While Oklahoma is still basking in the afterglow of Boeing’s announcement that it will be bringing 800 new jobs to its Oklahoma operation, Kansas is, well….spitting mad at what officials there claim is a betrayal of a commitment to grow its Kansas presence, not eliminate it.
That’s on top of 550 jobs it announced were headed here late last year.
Kansas lawmakers are steaming because Boeing pledged that if they’d help land a multi-billion dollar, Air Force refueling tanker project last February, it would create 1,500-plus new jobs in Wichita.
Instead, the work will go to Boeing’s facilities near Seattle, in San Antonio and Oklahoma City. The aerospace giant is shuttering the Wichita facility and the 2,160 jobs there. Kansas says an estimated that $1.5 billion in payroll will vanish in the next 10 years.
Perhaps proving the limits of government-financed business incentives, Kansas had over time handed the aerospace giant more than $4 billion in municipal bonds and tax breaks.
In recent days, cries of betrayal, lies, and corporate greed have dominated Kansas headlines, lawmaker reactions, blogs, editorials and the public response.
“If it is true that Boeing has wanted to leave Wichita for a very long time, that makes its request for Kansas’ help in securing the tanker contract even more duplicitous and despicable than most of us initially believed. Boeing’s decision was not made until Dec. 30? In a pig’s eye,” wrote one author in a Kansas letter to the editor.
A Kansas City Star editorial a week ago went much further.
The editorial said, “Donna Ginther, director of Kansas University’s Center for Economic and Business Analysis, noted that while morally scummy and politically questionable, Boeing’s decision is straightforward business thinking: ‘Boeing answers to its shareholders. Using business and ethics in the same sentence is almost an oxymoron.’ ”
Oklahoma officials have been empathetic and it’s no wonder; it has been left at the altar numerous times in the last 20-plus years. The lessons have been painful, but have effected changes.
“Well, you know, Boeing’s been [in Kansas] a long time and anytime you have a situation like that, emotions run high,” said the Oklahoma Department of Commerce media relations manager Dustin Pyeatt.

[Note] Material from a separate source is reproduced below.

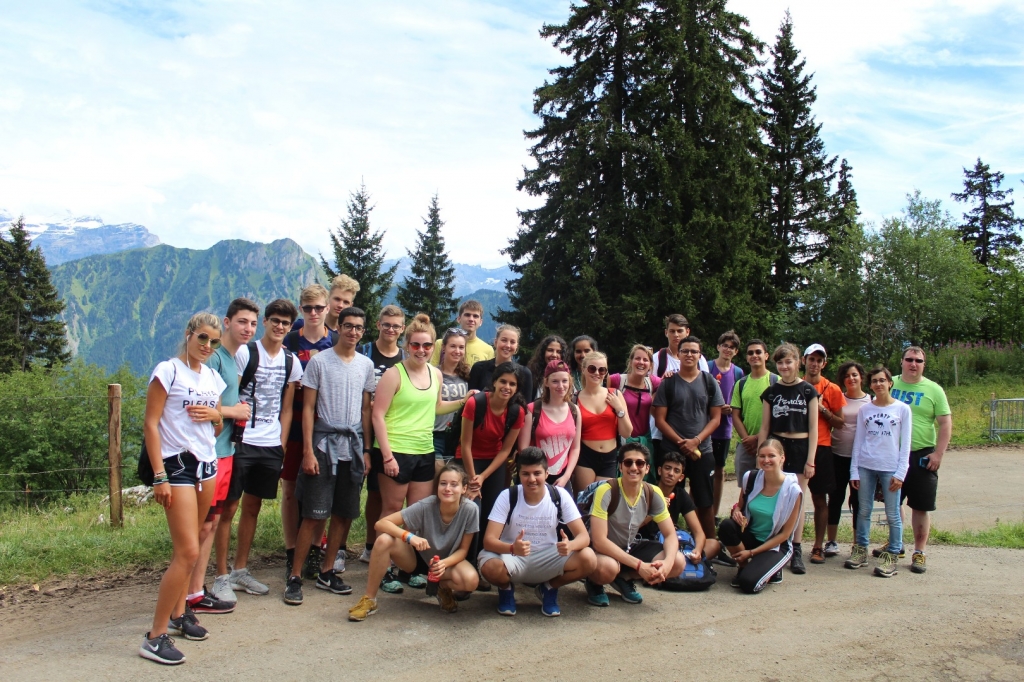 Village Camps International Summer Camp LTC, Leysin 2024-07-22 https://www.villagecamps.com/journals_admin/images/1860-1201-IMG_5502.jpg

Gov. Mary Fallin said, “My heart goes out to those (Kansas Boeing employees). However, as with the recent relocation of Boeing staff from California to the Boeing Oklahoma City facility, our state stands ready to welcome all employees and their families who will now call Oklahoma home. Oklahoma City is a wonderful community and a wonderful place to live, work and raise a family. I know Boeing employees will agree.”
But in news reports Boeing has not stressed the concept of relocating Kansans. Rather, it has said it will do all it can to help counsel and transition the 2,160 employees as they head for unemployment and search for work.
Boeing traces its roots in Kansas to the late 1920’s. Wichita once billed itself as the aviation capitol of the world largely due to the aerospace giant’s presence.
Oklahoma City officials and its $7.3 billion aviation industry may beg to differ with that, but that’s not really the point.
Boeing’s Wichita operations had grown into a sprawling, 400-acre complex of 97 buildings that had become expensive to maintain.
Boeing’s general logic for the move was contraction in the Pentagon’s budget.
Indeed, U.S. Defense Secretary Leon Panetta has been quoted saying the nation’s defense budget will shrink by $450 billion in the coming decade.
Defense contracts notwithstanding, the aircraft giant scored some major coups last year in addition to the billions in tanker work:
– Last year in Dubai, it inked an $18 billion deal with Emirates Airline, the largest contract in Boeing history. It includes delivery of 50 extended-range 777-300 jets. Delivery is scheduled in March,
– The company held onto a $3.5 billion contract for the U.S. Ground-Based Midcourse Defense (GMD) missile shield. It had to beat back challenges from LMT and Raytheon to secure the award, according to a news report by Susan J. Aluise, executive editor of National News Syndicate, a Washington, D.C.-based news organization focused on global business, national security, information technology, transportation and financial services.
Boeing is obviously bent on looking at long-term economies. Its behavior of late has been clearly about cutting costs, capturing incentives and hot pursuit of deadly serious, pro-business climates.
That means lasting benefits: lower labor costs, cheaper operating expenses, right-to-work protection and generous incentives for new jobs for rank-and-file and high-paying professional jobs.
Oklahoma was dressed up and ready to go to the party.
Sooner economic developers have learned a lot in the past decade and more – some of it quite painfully.
And, if the push to eliminate personal income taxes comes to fruition, that may be an even greater affirmation of the state’s decision to put on that party dress.